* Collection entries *
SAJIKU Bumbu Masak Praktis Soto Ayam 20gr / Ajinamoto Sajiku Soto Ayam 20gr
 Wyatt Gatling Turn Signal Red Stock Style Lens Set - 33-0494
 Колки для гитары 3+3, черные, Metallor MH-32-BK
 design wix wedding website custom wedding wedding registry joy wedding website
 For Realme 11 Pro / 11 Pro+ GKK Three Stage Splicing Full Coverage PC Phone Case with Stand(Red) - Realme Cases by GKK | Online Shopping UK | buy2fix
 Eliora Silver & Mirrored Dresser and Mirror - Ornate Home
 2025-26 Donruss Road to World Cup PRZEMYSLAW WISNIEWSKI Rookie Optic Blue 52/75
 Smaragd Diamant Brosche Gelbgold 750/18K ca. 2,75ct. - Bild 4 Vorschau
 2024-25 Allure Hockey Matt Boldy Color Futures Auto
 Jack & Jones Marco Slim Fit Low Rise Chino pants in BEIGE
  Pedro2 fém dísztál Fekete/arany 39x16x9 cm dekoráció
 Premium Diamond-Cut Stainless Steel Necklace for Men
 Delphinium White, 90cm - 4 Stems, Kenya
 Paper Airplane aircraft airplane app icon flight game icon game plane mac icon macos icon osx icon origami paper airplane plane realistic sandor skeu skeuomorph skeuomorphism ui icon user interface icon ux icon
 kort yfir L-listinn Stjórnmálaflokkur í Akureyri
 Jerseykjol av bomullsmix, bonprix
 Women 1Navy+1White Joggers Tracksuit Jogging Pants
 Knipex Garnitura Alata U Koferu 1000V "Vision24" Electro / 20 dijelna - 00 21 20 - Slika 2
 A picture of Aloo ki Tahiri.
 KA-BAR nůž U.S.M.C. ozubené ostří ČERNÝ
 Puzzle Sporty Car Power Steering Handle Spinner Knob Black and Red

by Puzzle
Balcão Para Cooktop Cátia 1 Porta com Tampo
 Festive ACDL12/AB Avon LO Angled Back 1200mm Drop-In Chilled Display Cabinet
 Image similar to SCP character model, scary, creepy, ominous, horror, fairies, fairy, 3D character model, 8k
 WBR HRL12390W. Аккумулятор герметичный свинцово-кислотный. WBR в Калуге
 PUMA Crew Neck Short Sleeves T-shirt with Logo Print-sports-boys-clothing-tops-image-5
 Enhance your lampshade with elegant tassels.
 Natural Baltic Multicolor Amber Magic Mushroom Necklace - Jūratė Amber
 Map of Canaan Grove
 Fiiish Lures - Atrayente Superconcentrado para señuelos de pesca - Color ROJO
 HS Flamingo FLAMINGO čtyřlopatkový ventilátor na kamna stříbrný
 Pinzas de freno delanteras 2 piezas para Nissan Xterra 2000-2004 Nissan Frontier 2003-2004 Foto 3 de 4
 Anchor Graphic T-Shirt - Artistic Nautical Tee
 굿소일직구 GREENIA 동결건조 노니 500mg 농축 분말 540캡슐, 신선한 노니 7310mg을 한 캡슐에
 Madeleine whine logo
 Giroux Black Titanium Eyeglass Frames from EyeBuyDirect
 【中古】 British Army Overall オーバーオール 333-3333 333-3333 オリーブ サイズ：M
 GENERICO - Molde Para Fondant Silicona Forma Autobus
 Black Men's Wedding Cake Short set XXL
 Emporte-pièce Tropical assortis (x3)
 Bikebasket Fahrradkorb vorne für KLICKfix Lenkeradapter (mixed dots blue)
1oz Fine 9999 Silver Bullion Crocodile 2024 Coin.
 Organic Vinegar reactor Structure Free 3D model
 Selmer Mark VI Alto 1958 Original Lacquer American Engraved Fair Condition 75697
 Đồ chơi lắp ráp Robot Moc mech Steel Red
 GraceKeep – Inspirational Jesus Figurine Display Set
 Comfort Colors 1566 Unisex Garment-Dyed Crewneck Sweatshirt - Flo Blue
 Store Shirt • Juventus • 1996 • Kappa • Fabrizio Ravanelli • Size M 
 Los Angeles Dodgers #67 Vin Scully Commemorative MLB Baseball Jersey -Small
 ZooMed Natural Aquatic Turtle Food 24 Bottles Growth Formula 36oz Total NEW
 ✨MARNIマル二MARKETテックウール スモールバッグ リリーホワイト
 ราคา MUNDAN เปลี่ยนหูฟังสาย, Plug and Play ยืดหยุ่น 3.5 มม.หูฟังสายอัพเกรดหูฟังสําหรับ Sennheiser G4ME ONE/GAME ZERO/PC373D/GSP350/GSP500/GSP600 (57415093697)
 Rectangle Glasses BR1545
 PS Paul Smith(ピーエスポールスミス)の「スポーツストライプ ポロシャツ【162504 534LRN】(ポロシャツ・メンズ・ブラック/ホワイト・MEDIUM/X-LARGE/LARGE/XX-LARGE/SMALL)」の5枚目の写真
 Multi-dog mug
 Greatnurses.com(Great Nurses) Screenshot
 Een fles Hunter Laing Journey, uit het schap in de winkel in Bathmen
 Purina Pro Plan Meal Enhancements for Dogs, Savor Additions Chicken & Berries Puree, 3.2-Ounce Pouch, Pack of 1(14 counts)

* Assigned task *
The stretch of entries above that starts with the line containing "PUMA Crew Neck" and goes on through the line containing "Pinzas de freno" is to be transcribed exactly, and no other line is to be transcribed.

* Task response *
 PUMA Crew Neck Short Sleeves T-shirt with Logo Print-sports-boys-clothing-tops-image-5
 Enhance your lampshade with elegant tassels.
 Natural Baltic Multicolor Amber Magic Mushroom Necklace - Jūratė Amber
 Map of Canaan Grove
 Fiiish Lures - Atrayente Superconcentrado para señuelos de pesca - Color ROJO
 HS Flamingo FLAMINGO čtyřlopatkový ventilátor na kamna stříbrný
 Pinzas de freno delanteras 2 piezas para Nissan Xterra 2000-2004 Nissan Frontier 2003-2004 Foto 3 de 4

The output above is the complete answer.